Use parameters in a command job

Completed

You can increase the flexibility of your scripts by using parameters. For example, you might have created a script that trains a machine learning model. You can use the same script to train a model on different datasets, or using various hyperparameter values.

Working with script arguments

To use parameters in a script, you must use a library such as argparse to read arguments passed to the script and assign them to variables.

For example, the following script reads an arguments named training_data, which specifies the path to the training data.

# import libraries
import argparse
import pandas as pd
from sklearn.linear_model import LogisticRegression

def main(args):
    # read data
    df = get_data(args.training_data)

# function that reads the data
def get_data(path):
    df = pd.read_csv(path)
    
    return df

def parse_args():
    # setup arg parser
    parser = argparse.ArgumentParser()

    # add arguments
    parser.add_argument("--training_data", dest='training_data',
                        type=str)

    # parse args
    args = parser.parse_args()

    # return args
    return args

# run script
if __name__ == "__main__":

    # parse args
    args = parse_args()

    # run main function
    main(args)

Any parameters you expect should be defined in the script. In the script, you can specify what type of value you expect for each parameter and whether you want to set a default value.

Passing arguments to a script

To pass parameter values to a script, you need to provide the argument value in the command.

For example, if you would pass a parameter value when running a script in a terminal, you would use the following command:

python train.py --training_data diabetes.csv

In the example, diabetes.csv is a local file. Alternatively, you could specify the path to a data asset created in the Azure Machine Learning workspace.
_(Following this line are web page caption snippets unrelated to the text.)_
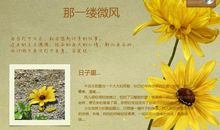 我是一缕轻盈的微风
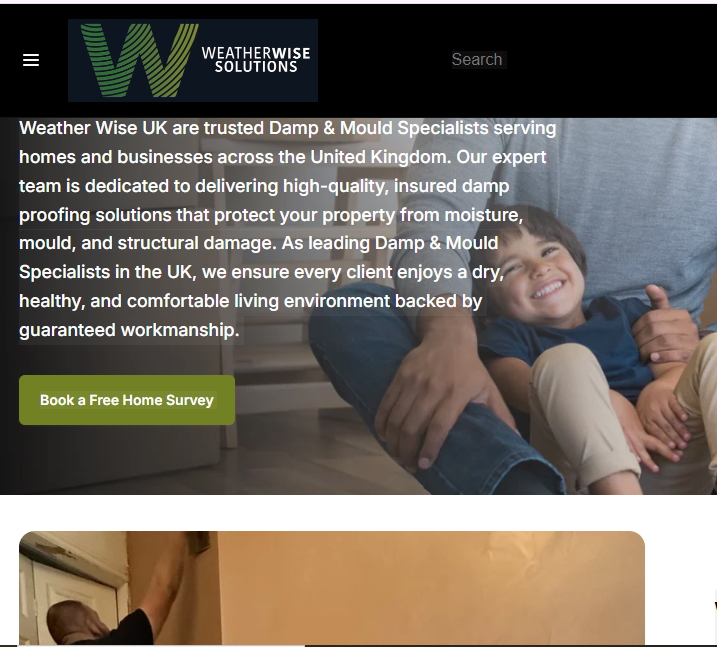 weather wise solutions
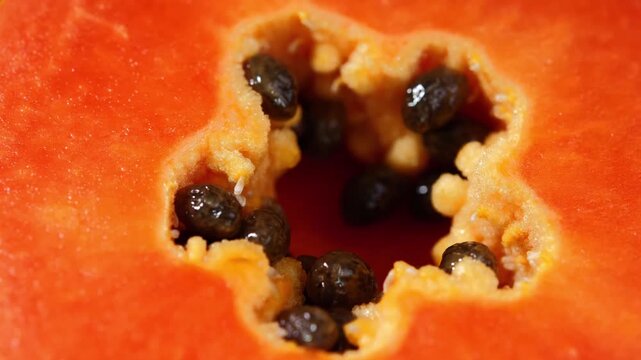 Close-up of ripe papaya flesh and glossy black seeds, showcasing the vibrant orange color and natural texture of this tropical fruit. Rich in vitamins, antioxidants, and dietary fiber, the image is id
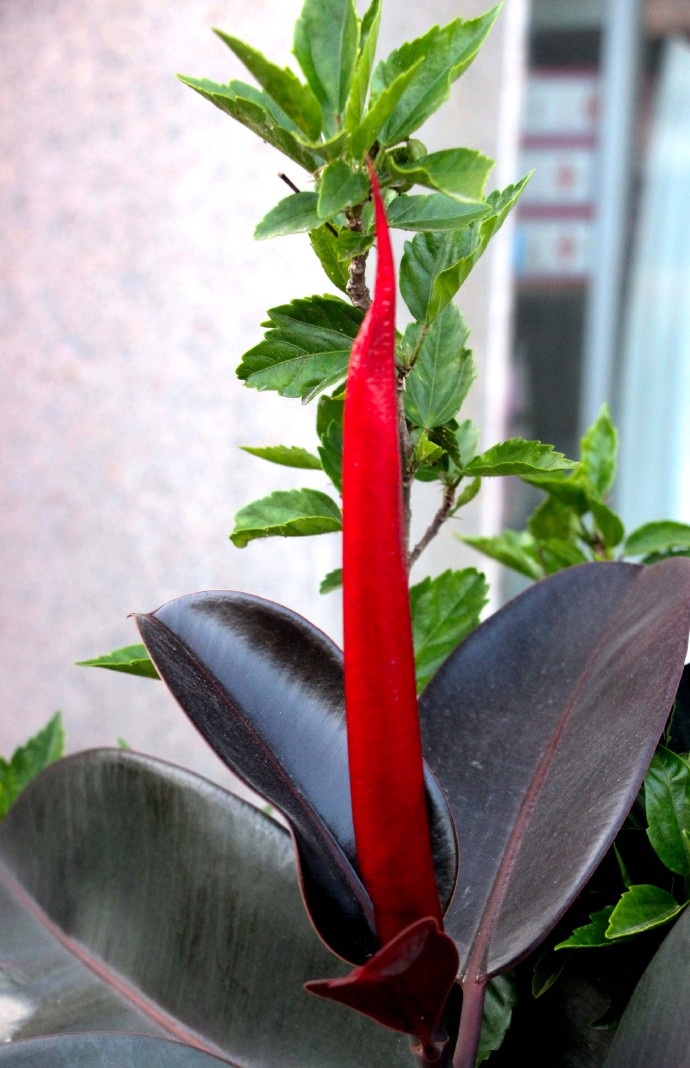 浣撴鍓嶄竴澶╁皬閰屽彲浠ュ悧,浣撴鍠濋厭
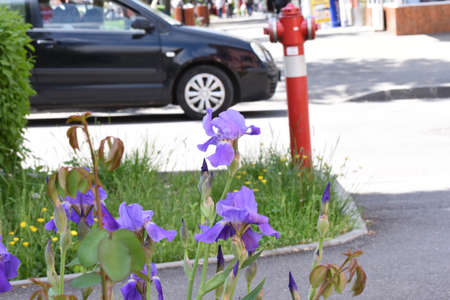 Stanjenel or Iris is a monocotyledonous plant of the Iridaceae family with leafy stem and large, brightly colored flowers.の写真素材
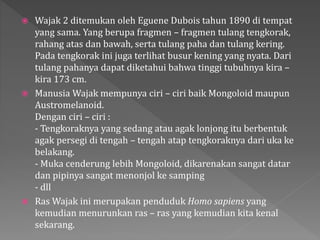  Wajak 2 ditemukan oleh Eguene Dubois tahun 1890 di tempat 
yang sama. Yang berupa fragmen – fragmen tulang tengkorak, 
rahang atas dan bawah, serta tulang paha dan tulang kering. 
Pada tengkorak ini juga terlihat busur kening yang nyata. Dari 
tulang pahanya dapat diketahui bahwa tinggi tubuhnya kira – 
kira 173 cm. 
 Manusia Wajak mempunya ciri – ciri baik Mongoloid maupun 
Austromelanoid. 
Dengan ciri – ciri : 
- Tengkoraknya yang sedang atau agak lonjong itu berbentuk 
agak persegi di tengah – tengah atap tengkoraknya dari uka ke 
belakang. 
- Muka cenderung lebih Mongoloid, dikarenakan sangat datar 
dan pipinya sangat menonjol ke samping 
- dll 
 Ras Wajak ini merupakan penduduk Homo sapiens yang 
kemudian menurunkan ras – ras yang kemudian kita kenal 
sekarang. 
 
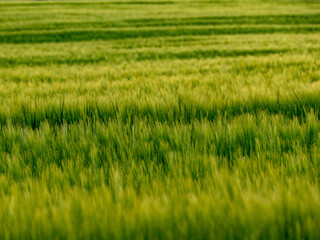 Gerstenfeld in der Abendsonne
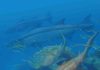 Ancient southern China fish may have evolved prior to the ‘Age of Fish’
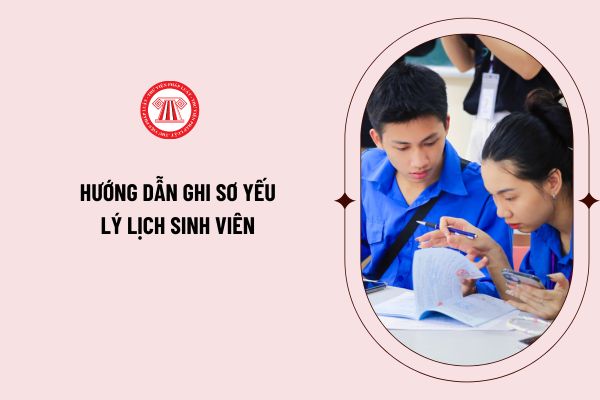 Hướng dẫn ghi sơ yếu lý lịch sinh viên mới nhất năm 2024 chi tiết bìa 1, bìa 2 như thế nào?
Similarly, when you want to pass a parameter value to a script you want to run as a command job, you'll specify the values in the command:

from azure.ai.ml import command

# configure job
job = command(
    code="./src",
    command="python train.py --training_data diabetes.csv",
    environment="AzureML-sklearn-0.24-ubuntu18.04-py37-cpu@latest",
    compute="aml-cluster",
    display_name="train-model",
    experiment_name="train-classification-model"
    )

After submitting a command job, you can review the input and output parameters you specified.